Image-caption web data

-- Opening Marker --

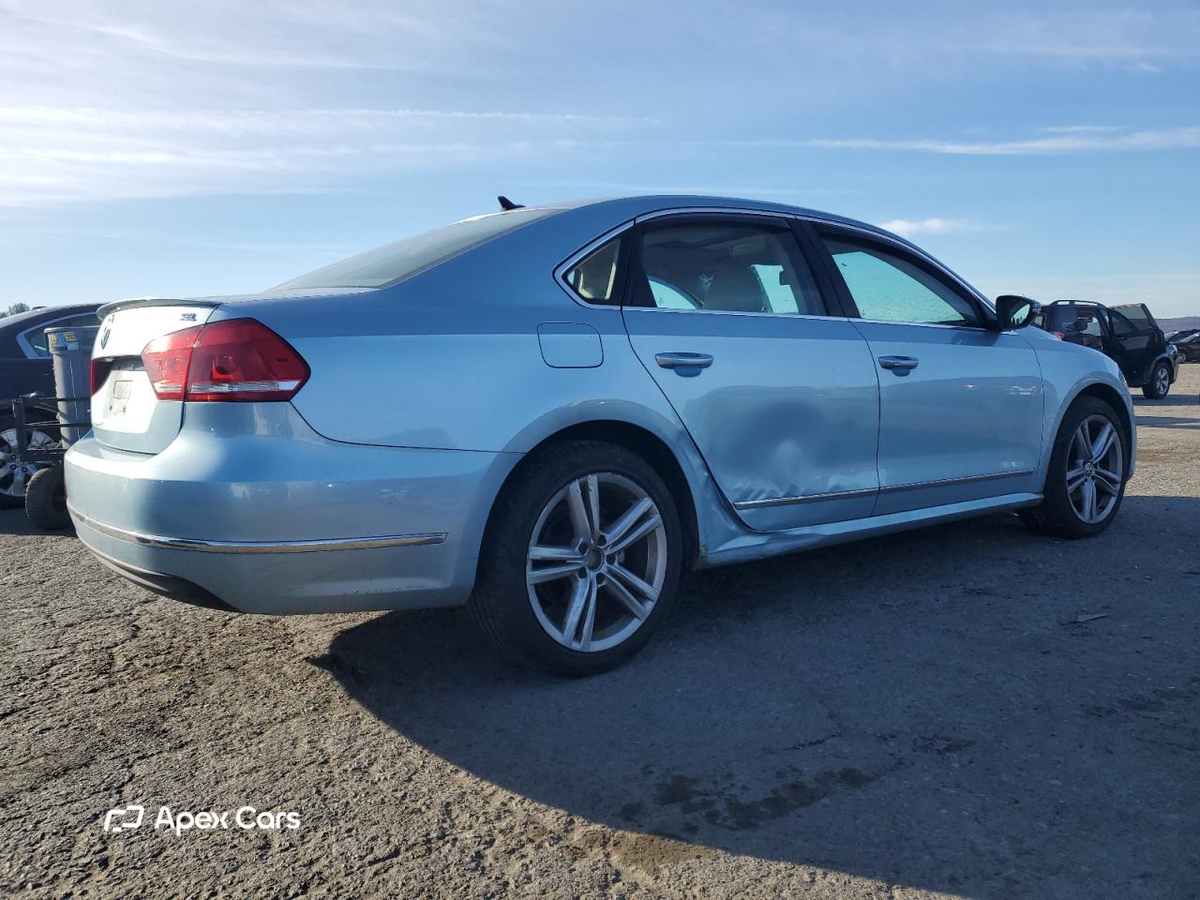 Volkswagen Passat 2012
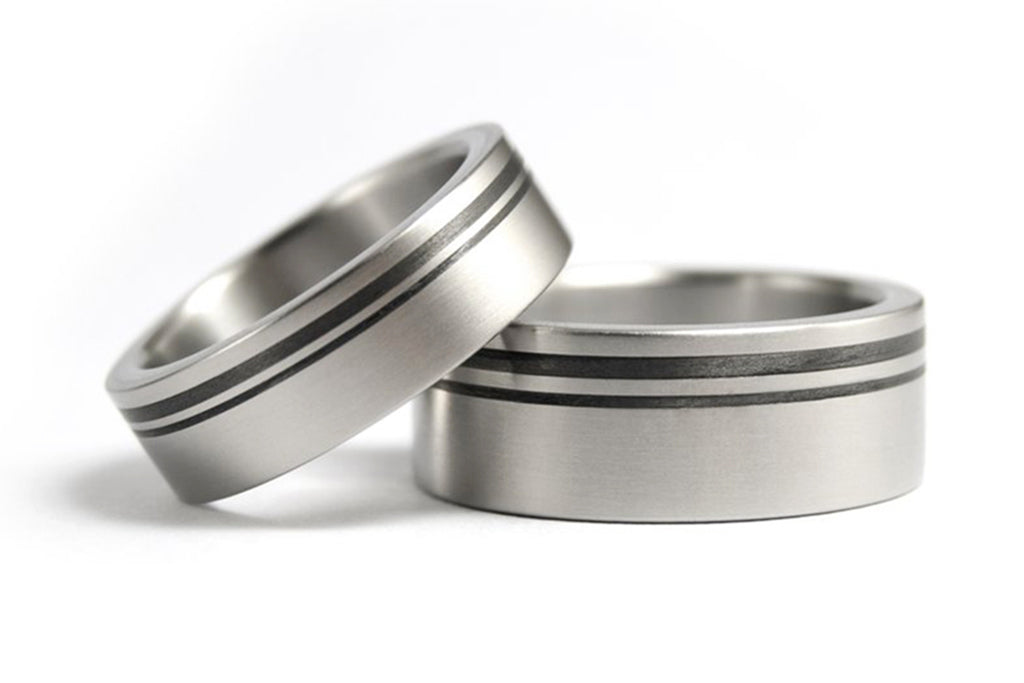 Titanium and carbon fiber wedding bands (00336_6N8N)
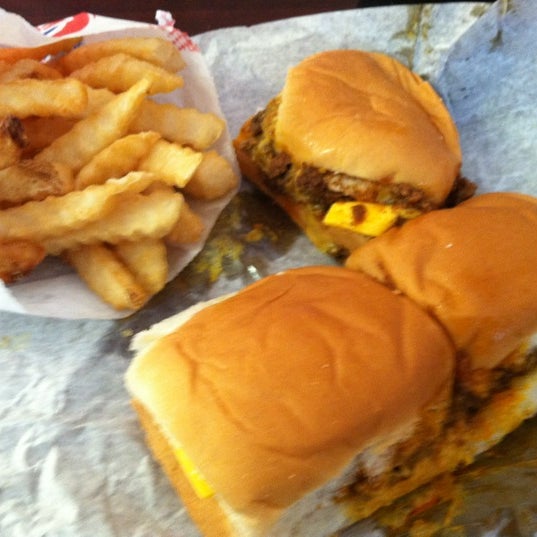 Troy's Snack Shack Fast Food Restaurant in Montezuma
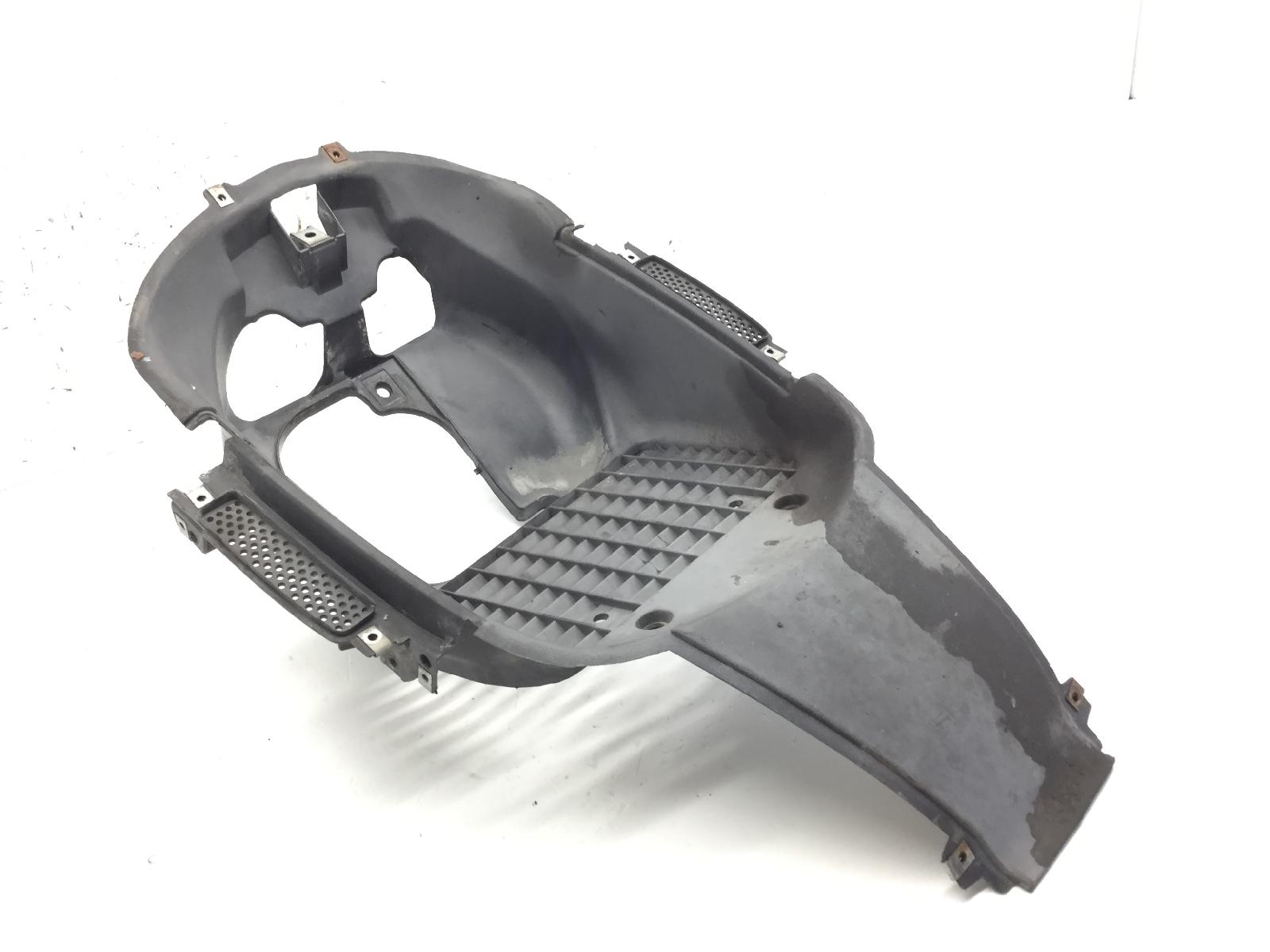 Gilera runner sp 2t 50 carena griglia radiatore chiglia vano ruota 2002 2004 c3640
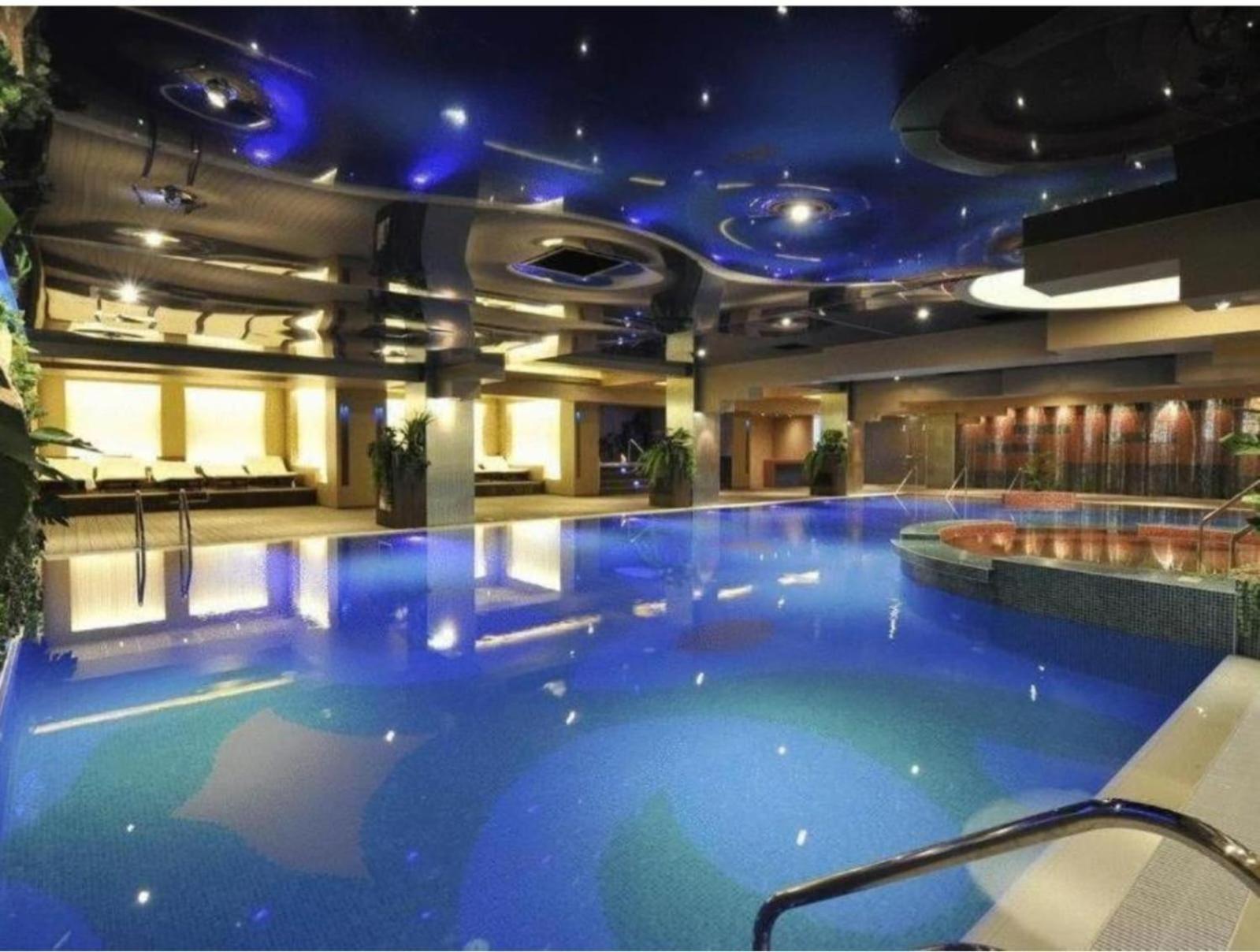 Love Room Bucharest Luaran gambar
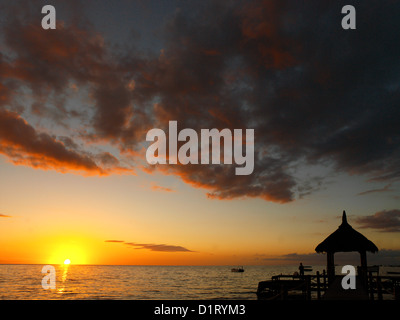Maritim Hotel Balaclava Mauritius Jetty und Boote mit Sonnenuntergang Stockfoto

-- Closing Marker --

Exercise requirements
What is needed is an exact copy of the lines from the beginning of the data through the line containing "Love Room Bucharest Luaran gambar", both included, without any pictures.

Task solution
 Volkswagen Passat 2012
 Titanium and carbon fiber wedding bands (00336_6N8N)
 Troy's Snack Shack Fast Food Restaurant in Montezuma
 Gilera runner sp 2t 50 carena griglia radiatore chiglia vano ruota 2002 2004 c3640
 Love Room Bucharest Luaran gambar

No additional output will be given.